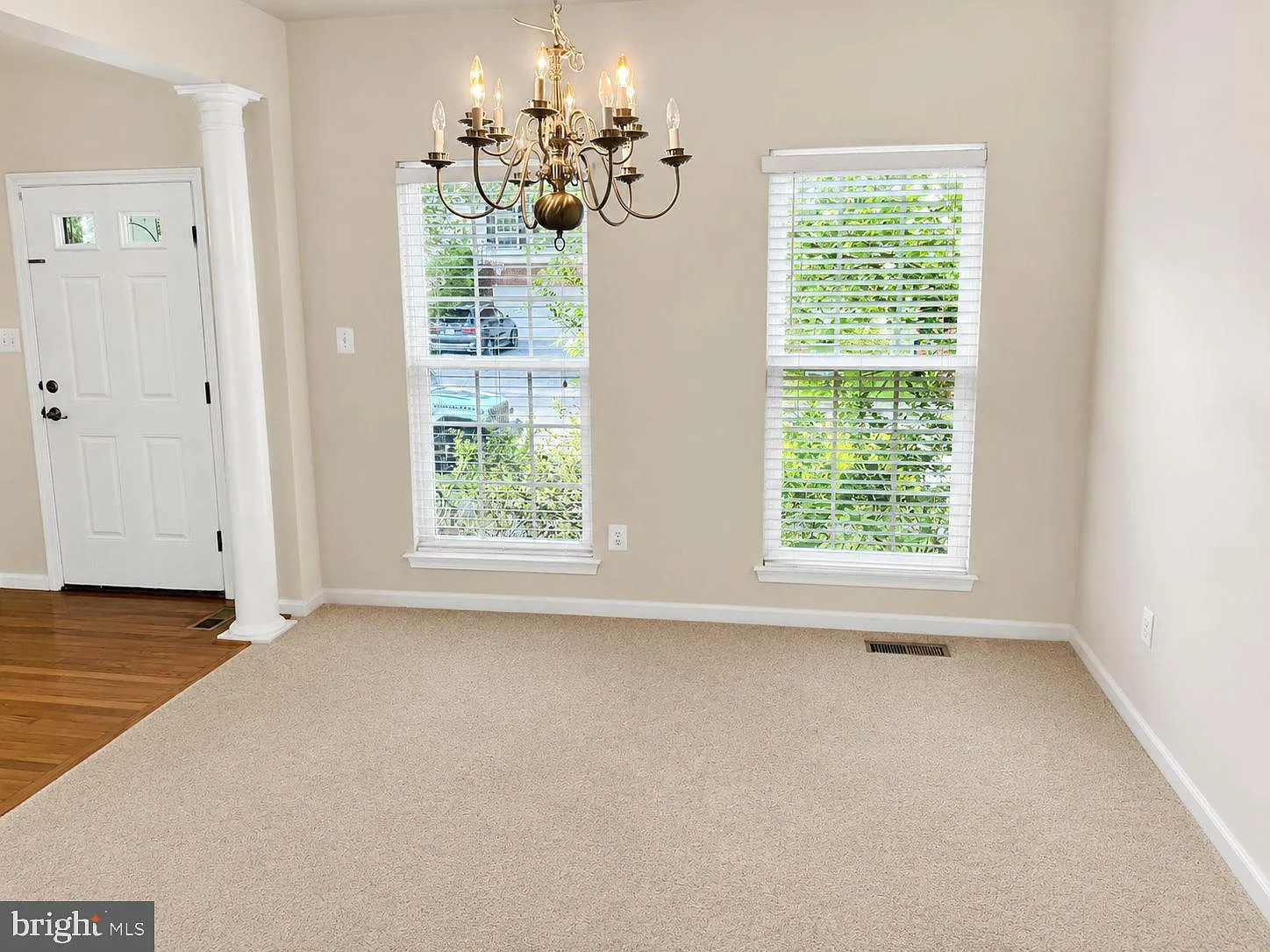 4 bed, 3.5 bath, 3798 sqft, $3,850 — Photo 3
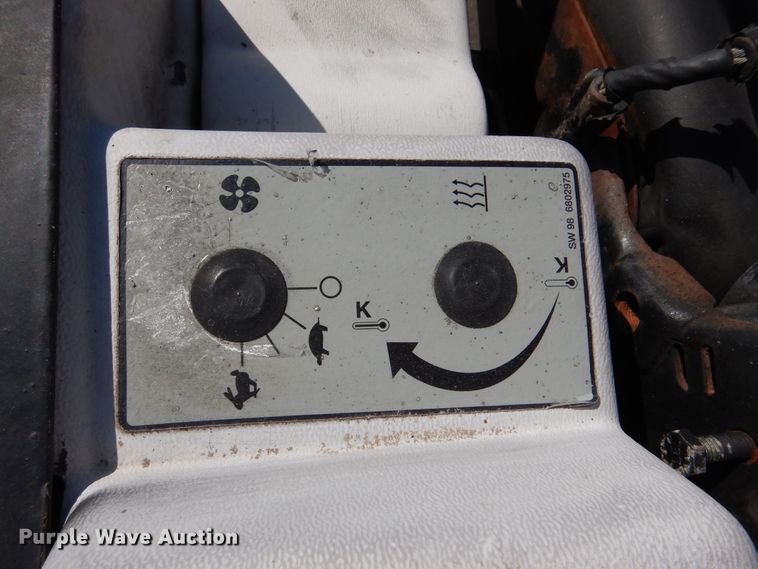 image for item DM6335 Bobcat 331  mini excavator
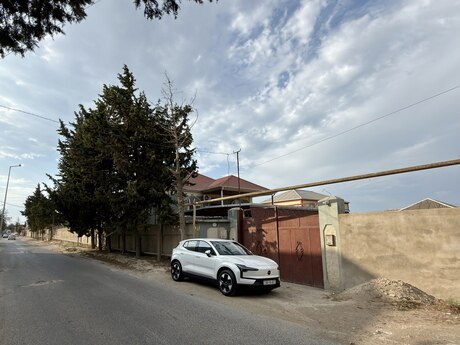 8 otaqlı həyət evi, 250 m², Binə: 365 000 ₼ 2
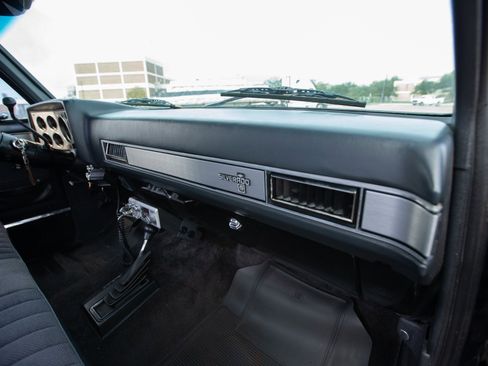 Used 1986 Chevrolet C/K Truck 2500 image 35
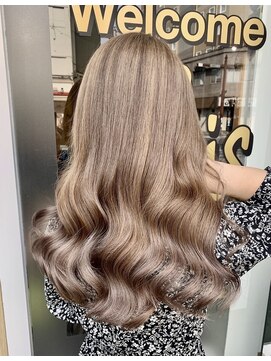 ラビス(Lovis) ミディアム/暗めカラー/デザインカラー/フェイスフレーミング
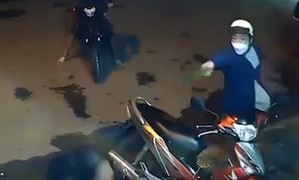 Bị phát hiện trộm chó, nhóm 'cẩu tặc' dùng hung khí đe dọa chủ nhà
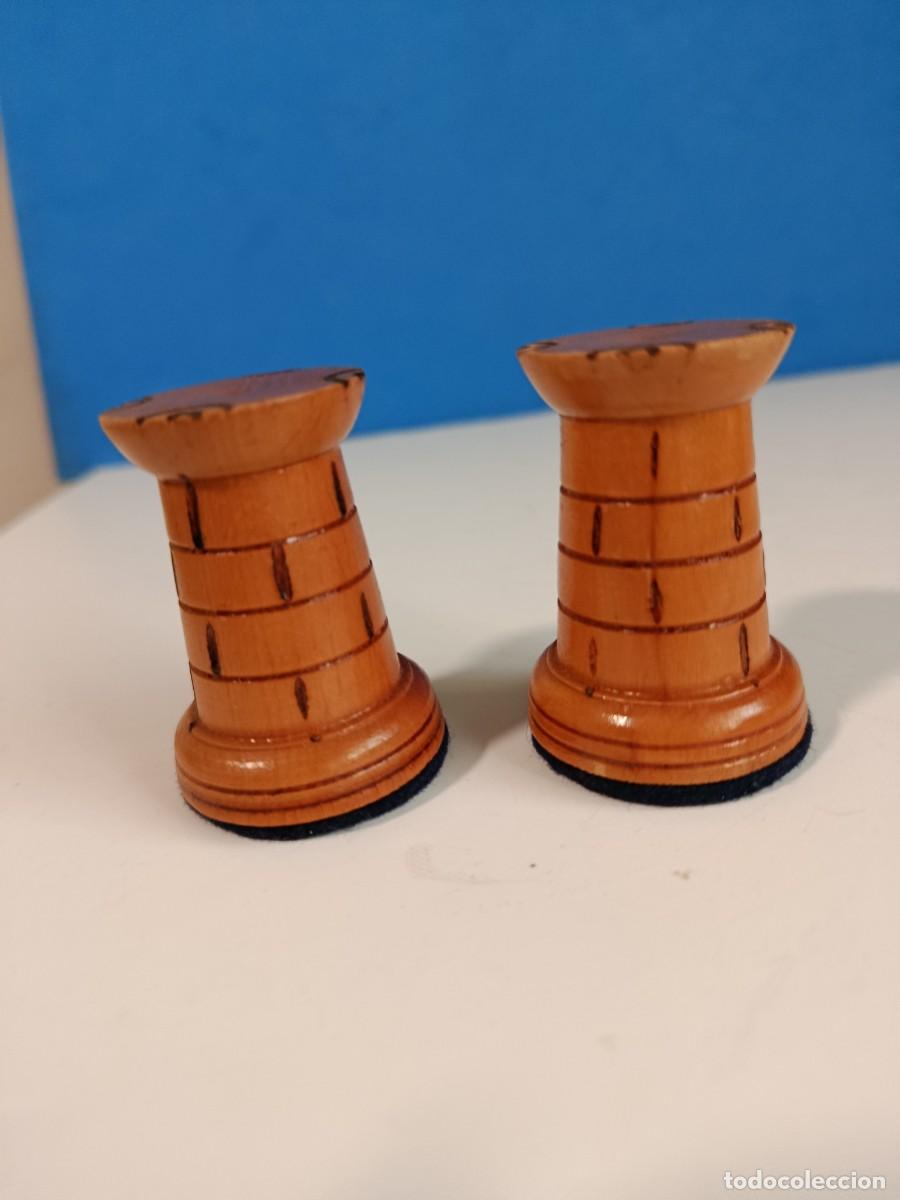 Juegos de mesa: DOS TORRES DE AJEDREZ POLACO DE MADERA. MODELO REALEZA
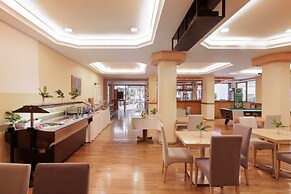 Louvre Hotel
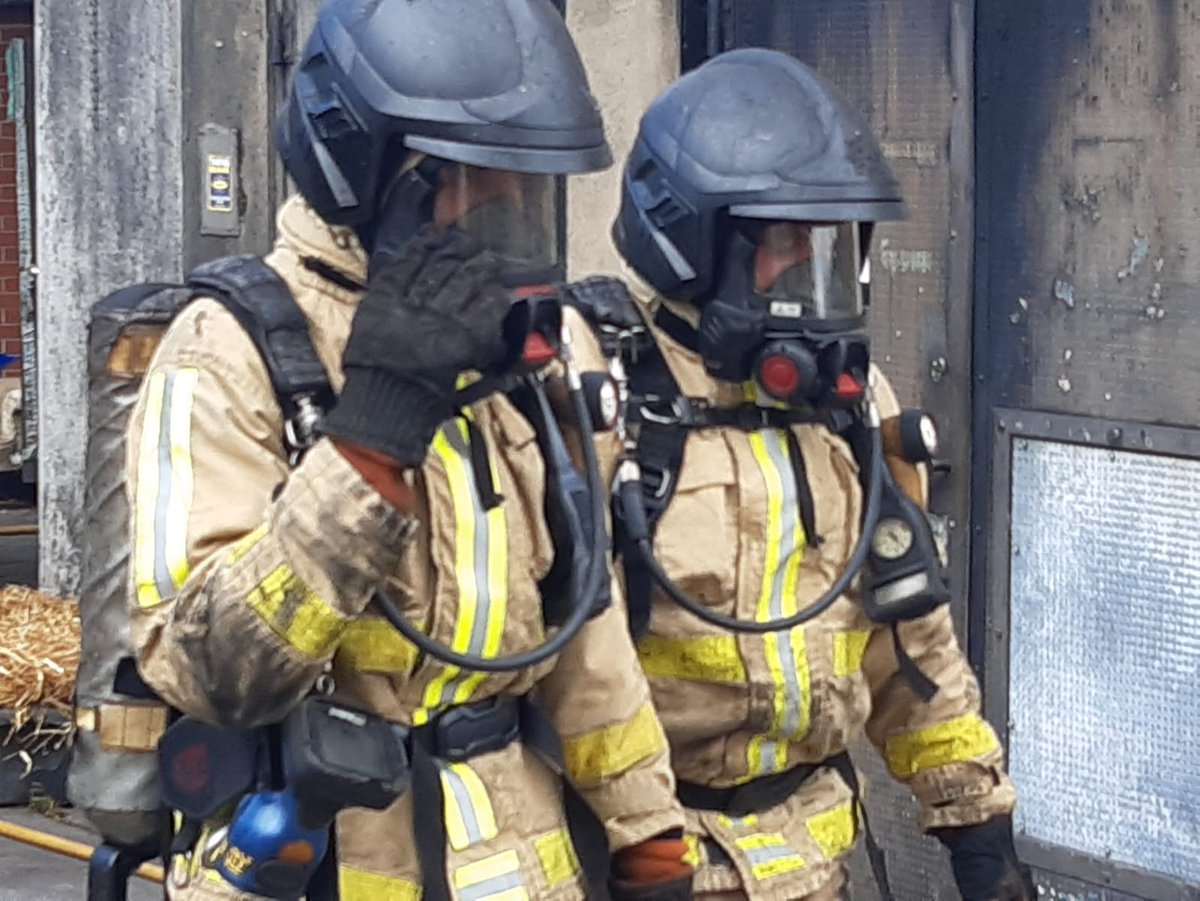 shropsfire's tweet photo. Great to see our staff taking part in our Breathing Apparatus challenge at Telford today. Nice touch by ACO's @SFRS_SHardiman &amp; @SFRS_DanQuinn joining in with the fun as part of the officer team 👌🏼👏🏼 
Hope you're not aching too much tomorrow...😜
#BAChallenge #Firefighters 🚒🚒🧑🏻‍🚒 https://t.co/Omz6YD2QqS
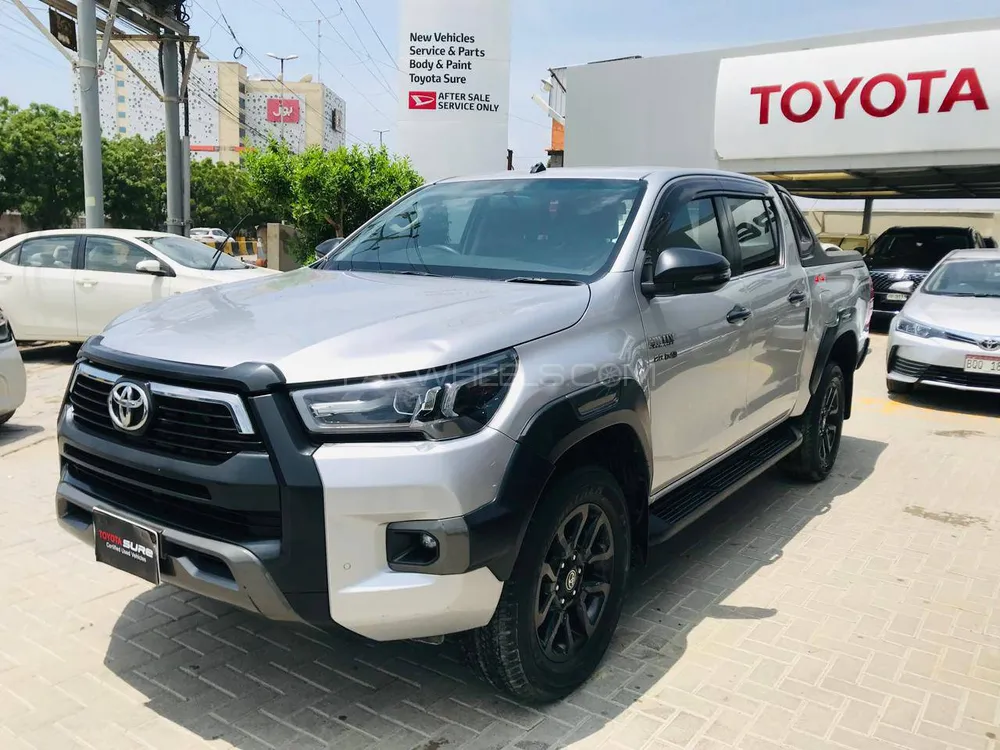 Toyota Hilux 2023 for Sale in Karachi Image-1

*What is being asked*. From the line that contains "Hope you're not aching too much tomorrow...😜" down to the final line of the entries above, please copy each line exactly, excluding pictures.

*Exercise result*.
Hope you're not aching too much tomorrow...😜
#BAChallenge #Firefighters 🚒🚒🧑🏻‍🚒 https://t.co/Omz6YD2QqS
 Toyota Hilux 2023 for Sale in Karachi Image-1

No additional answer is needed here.